Either way, I feel generators need to protect the people trying to help you. The product mike presented does that.

This one doesn’t provide protection? I feel it does from what I’ve read. Correct me if I’m wrong...
 
This one doesn’t provide protection? I feel it does from what I’ve read. Correct me if I’m wrong...
I can’t answer that. I didn’t read all the info. I can tell you that power will find the least resistance in any open loop. I’ll read more on it when I get chance, might be a few days.
 
Correct, you should be boxed in with grounds at all times. Lots of different variables happen and it’s something I just prefer to stay away from. I feel I’ve done my service to the American people and I’m over it. I don’t want to see someone get fried or get fried.

Either way, I feel generators need to protect the people trying to help you. The product mike presented does that.

Shitty situation for sure. When I was at AEP i was a desk jocky IT guy. But when you work for a power company you're all power company men.
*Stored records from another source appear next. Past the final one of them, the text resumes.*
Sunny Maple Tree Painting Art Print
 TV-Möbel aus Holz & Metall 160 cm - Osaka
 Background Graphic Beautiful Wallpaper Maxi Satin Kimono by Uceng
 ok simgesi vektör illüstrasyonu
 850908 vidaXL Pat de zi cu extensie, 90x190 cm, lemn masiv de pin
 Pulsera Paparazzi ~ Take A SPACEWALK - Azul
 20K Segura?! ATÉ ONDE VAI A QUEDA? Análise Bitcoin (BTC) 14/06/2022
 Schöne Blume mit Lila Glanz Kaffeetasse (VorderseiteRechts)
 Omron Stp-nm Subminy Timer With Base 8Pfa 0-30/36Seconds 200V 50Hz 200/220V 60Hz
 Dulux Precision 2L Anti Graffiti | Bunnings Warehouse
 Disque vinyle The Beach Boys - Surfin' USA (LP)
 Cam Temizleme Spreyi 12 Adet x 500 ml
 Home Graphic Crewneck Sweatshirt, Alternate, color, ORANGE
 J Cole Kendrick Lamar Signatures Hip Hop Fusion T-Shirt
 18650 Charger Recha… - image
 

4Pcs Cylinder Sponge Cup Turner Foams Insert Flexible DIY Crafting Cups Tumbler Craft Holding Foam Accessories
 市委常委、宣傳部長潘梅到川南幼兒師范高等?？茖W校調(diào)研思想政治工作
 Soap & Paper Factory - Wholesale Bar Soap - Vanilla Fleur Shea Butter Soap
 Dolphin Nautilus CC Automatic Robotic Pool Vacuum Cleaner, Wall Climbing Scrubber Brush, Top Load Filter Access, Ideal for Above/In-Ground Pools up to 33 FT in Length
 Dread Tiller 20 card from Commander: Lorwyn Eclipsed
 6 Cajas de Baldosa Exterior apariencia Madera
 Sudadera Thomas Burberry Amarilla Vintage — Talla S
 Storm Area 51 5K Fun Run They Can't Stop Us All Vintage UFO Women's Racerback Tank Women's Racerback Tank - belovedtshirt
I had to take annual training on line components and safety. Then was "volunteered" for storm duty. Lucky for me that's the year we had that derecho wind. There i was zooming around in a company truck with a V-watch and hazard tape marking downed lines and calling back components to dispatch for the crews. Poles, transformers, cut outs, insulators, line length etc so the trucks could show up with what they needed on-hand. The first few days we're fine. On day three people started getting shitty. Great fun being the first AEP truck a person has seen in 3 days and having to explain that no I am not the guy that's going to fix it, and no i can't tell you when that will actually happen. Only had to turn and bunny hop back once and that was enough for me. Fuck you where's my desk. 😅
 
Shitty situation for sure. When I was at AEP i was a desk jocky IT guy. But when you work for a power company you're all power company men. I had to take annual training on line components and safety. Then was "volunteered" for storm duty. Lucky for me that's the year we had that derecho wind. There i was zooming around in a company truck with a V-watch and hazard tape marking downed lines and calling back components to dispatch for the crews. Poles, transformers, cut outs, insulators, line length etc so the trucks could show up with what they needed on-hand. The first few days we're fine. On day three people started getting shitty. Great fun being the first AEP truck a person has seen in 3 days and having to explain that no I am not the guy that's going to fix it, and no i can't tell you when that will actually happen. Only had to turn and bunny hop back once and that was enough for me. Fuck you where's my desk. 😅
I prefer the shuffle method.
 
From an inspection:
Back fed 40 amp breaker with no interlock protection and undersized wires to the generator plug. The occupant that did this said he took electrical in vocational school. Off topic, this was one of the best inspections for electrical hacks that I have seen yet.